* EXERCISE
From the line holding "Personalized Rookie Of" through the line holding "Pink Multi-tier Jewelry" below, write out every line exactly; include both of those lines and drop the pictures.

* Data records
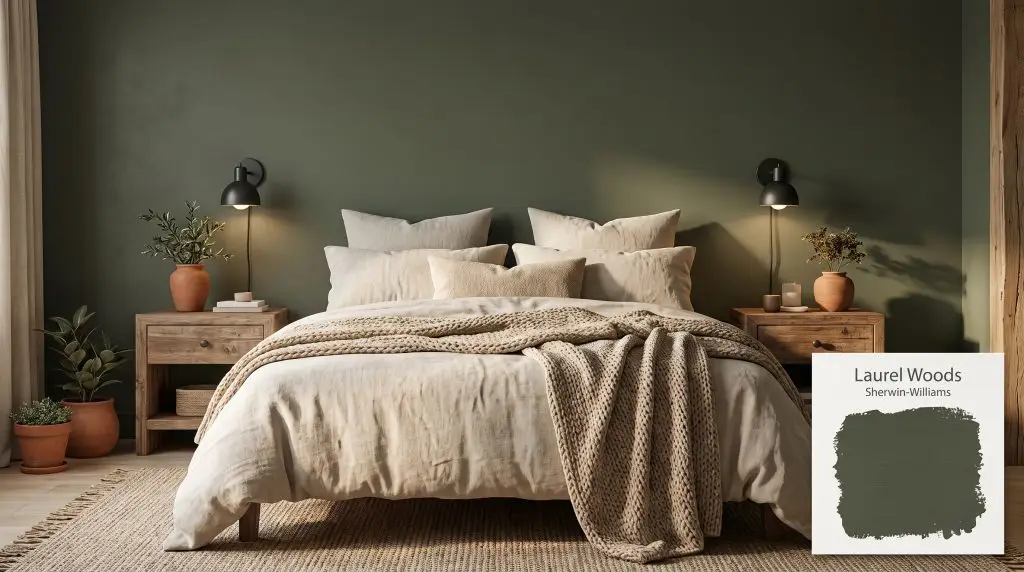 Rustic wood nightstands and natural linen bedding sit beneath deep olive green walls finished in Sherwin-Williams Laurel Woods (Hex #44493D).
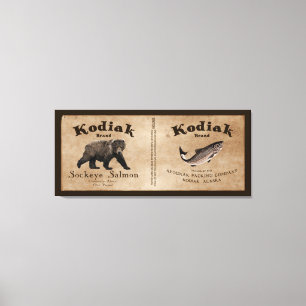 Kodiak Salmon Label Canvas Afdruk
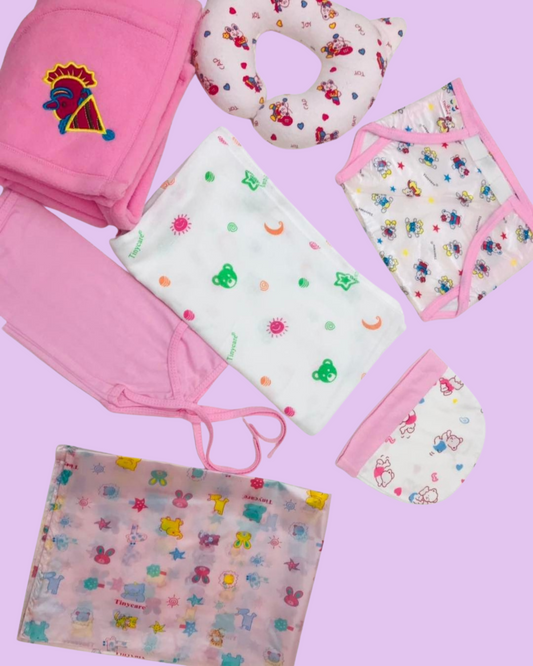 Premium Newborn Baby Care Essentials Set – Soft Pink (7 Pieces)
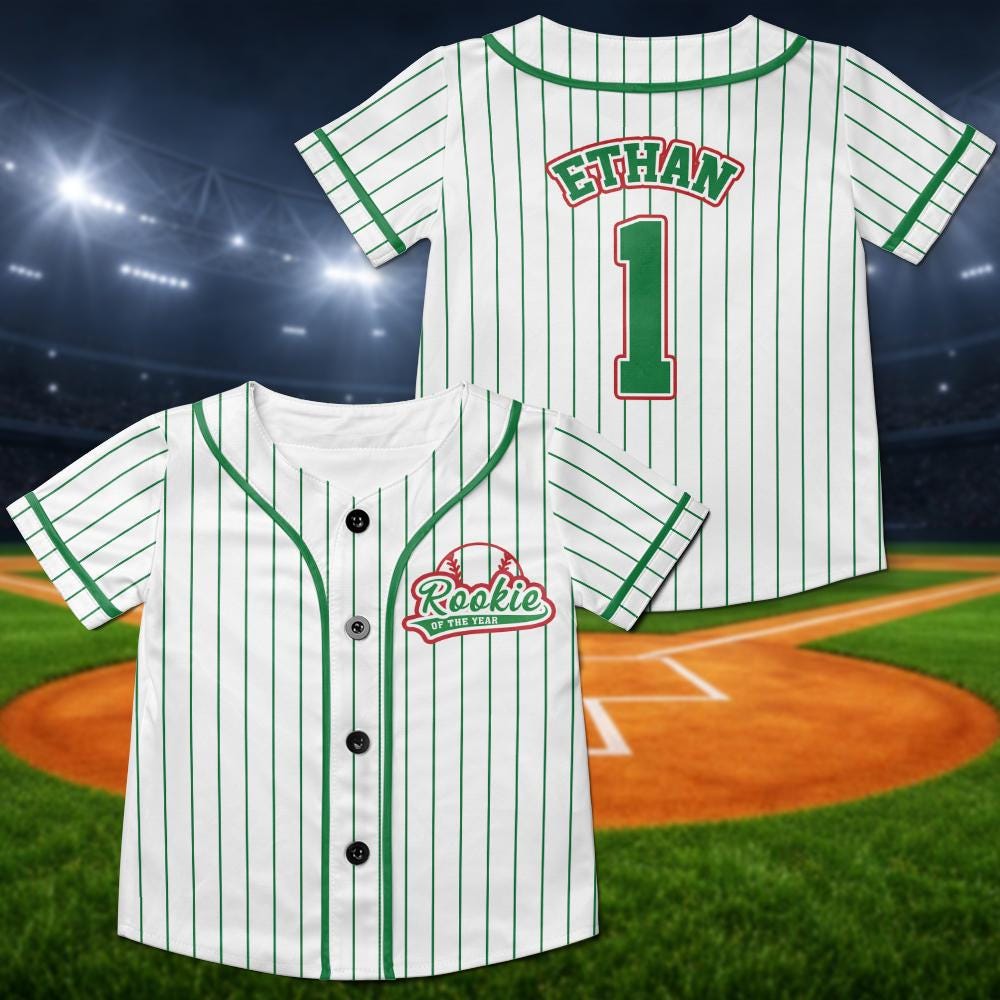 Personalized Rookie Of The Year Baseball Jersey, Kids 1st Birthday Outfit, Family Baseball Shirt - product image 5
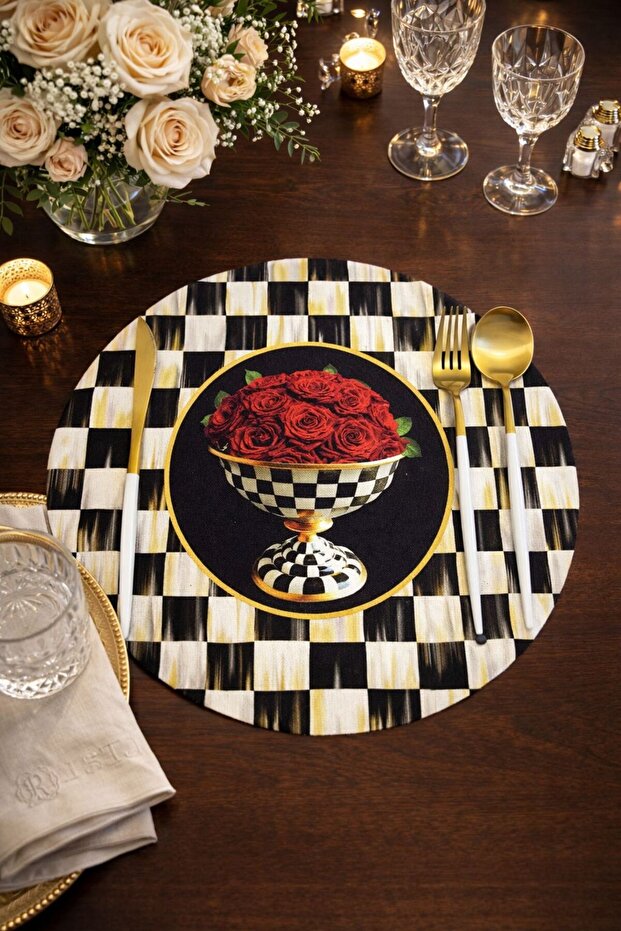 FABRICWORKS Checker Series | Set of 2 Round Decorative Placemats
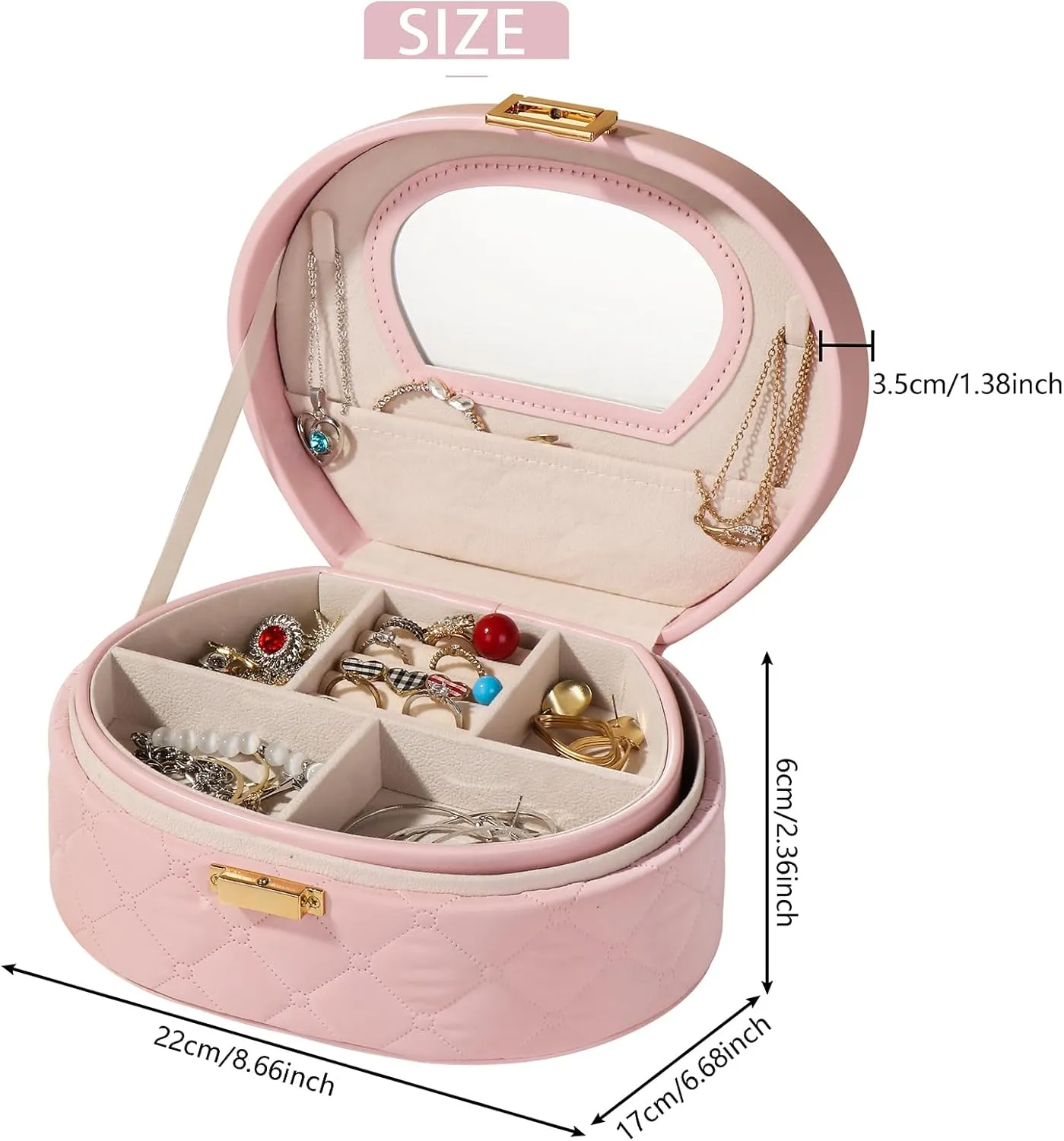 Pink Multi-tier Jewelry Box, Large Space with Mirror, PU Waterproof Surface Round Jewelry Organizer Earrings Stud Earrings Ring, Suitable for Girls Ladies Holiday Gift Travel Carrying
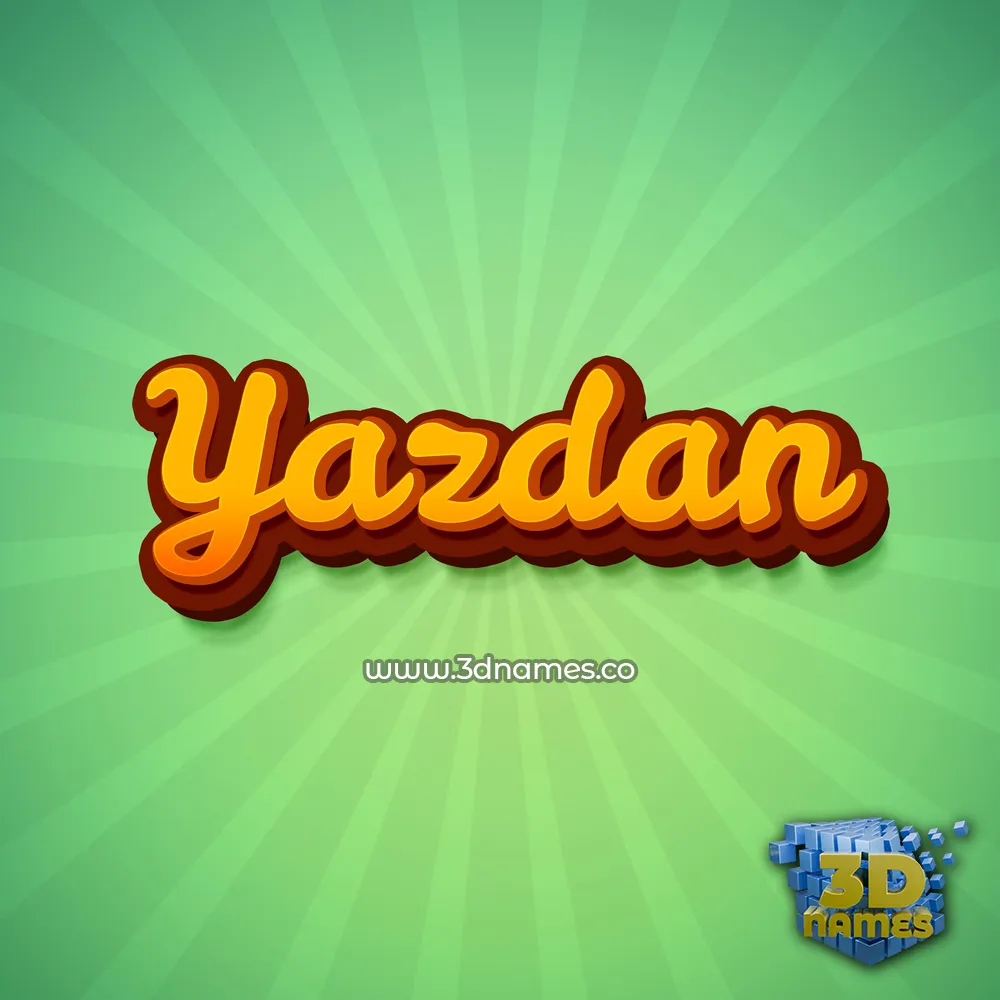 yazdan in Green Rays style - 3D name wallpaper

* PROBLEM SOLUTION
 Personalized Rookie Of The Year Baseball Jersey, Kids 1st Birthday Outfit, Family Baseball Shirt - product image 5
 FABRICWORKS Checker Series | Set of 2 Round Decorative Placemats
 Pink Multi-tier Jewelry Box, Large Space with Mirror, PU Waterproof Surface Round Jewelry Organizer Earrings Stud Earrings Ring, Suitable for Girls Ladies Holiday Gift Travel Carrying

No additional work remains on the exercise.